The PM10 concentrations reported at six different monitoring sites showed one measured exceedance of the 24-hour PM10 NAAQS between 1993 and 1995. Because data collection was less than 100% at these monitoring sites, the expected exceedance rate for 1994 was 1.03. For 1993 and 1995, it was 0.0. Thus, the three-year average was less than 1.0, which indicates Salt Lake County attained the 24-hour PM10 NAAQS as of December 31, 1995.

Review of the annual standard for calendar years 1993, 1994 and 1995 reveals that the area also attained the annual PM10 NAAQS by December 31, 1995. There was no violation of the annual standard for the three year period from 1993 through 1995.

B. Utah County

1. Explanation of the Attainment Date Extension for the Utah County PM10 Nonattainment Area

a. Air Quality Data. The Utah County PM10 nonattainment area includes the entire county. In 1994 and 1995, UDAQ operated four PM10 monitoring sites, which were either SLAMS or NAMS, in Utah County. We deemed the data from these sites valid and the data was submitted by Utah to be included in AIRS.
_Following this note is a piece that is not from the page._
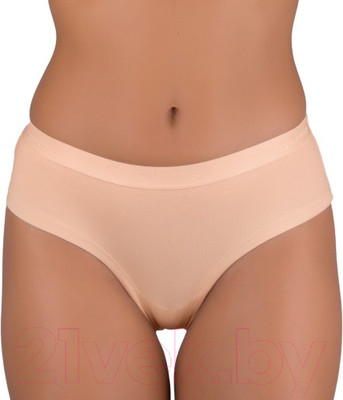 Трусы женские Verally 1088-3 (р.106, жасмин)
We are using data from calendar year 1994 to determine whether the area met the air quality criteria for granting a one-year extension of the attainment date, from December 31, 1994 to December 31, 1995, under section 188(d) of the CAA. We are using calendar year 1995 data to determine whether the Utah County area met the air quality criteria for granting an extension of the attainment date from December 31, 1995 to December 31, 1996.

In 1994, there were no exceedances of the 24-hour or annual PM10 NAAQS in Utah County. Since no exceedances of the PM10 NAAQS were recorded in 1994, the area met one of the requirements to qualify for a one-year attainment date extension under section 188(d).[2] In 1995, there were no exceedances of the 24-hour or annual PM10 NAAQS in Utah County. Since no exceedances of the PM10 NAAQS were recorded in 1995, the area met one of the requirements to qualify for a second one-year attainment date extension under section 188(d).

b. Compliance with the Applicable SIP. The State of Utah submitted the PM10 SIP for Utah County on November 14, 1991. On December 18, 1992 (57 FR 60149), EPA proposed to approve the plan as satisfying those moderate PM10 nonattainment area requirements due November 15, 1991. On July 8, 1994 (59 FR 35036), EPA took final action approving the Utah County PM10 SIP. The SIP control strategies consist of controls for stationary sources and area sources (including controls for woodburning, mobile sources, and road salting and sanding) of primary PM10 emissions as well as sulfur oxide (SOX) and nitrogen oxide (NOX) emissions, which are secondary sources of particulate emissions.

Based on information the State submitted in 1995, we believe that Utah was in substantial compliance with the requirements and commitments in the applicable implementation plan that pertained to the Utah County PM10 nonattainment area when Utah submitted its first extension request. The milestone report indicates that Utah County had implemented most of its adopted control measures, and therefore we believe Utah substantially implemented the RACM/RACT requirements applicable to moderate PM10 nonattainment areas. Based on information the State submitted in 1996, we believe that Utah was in substantial compliance with the requirements and commitments in the applicable implementation plan that pertained to the Utah County PM10 nonattainment area when the State submitted its second extension request. The milestone report indicates that the State continued to implement its adopted control measures, reducing PM10 loadings even further, and therefore we believe Utah substantially implemented its RACM/RACT requirements.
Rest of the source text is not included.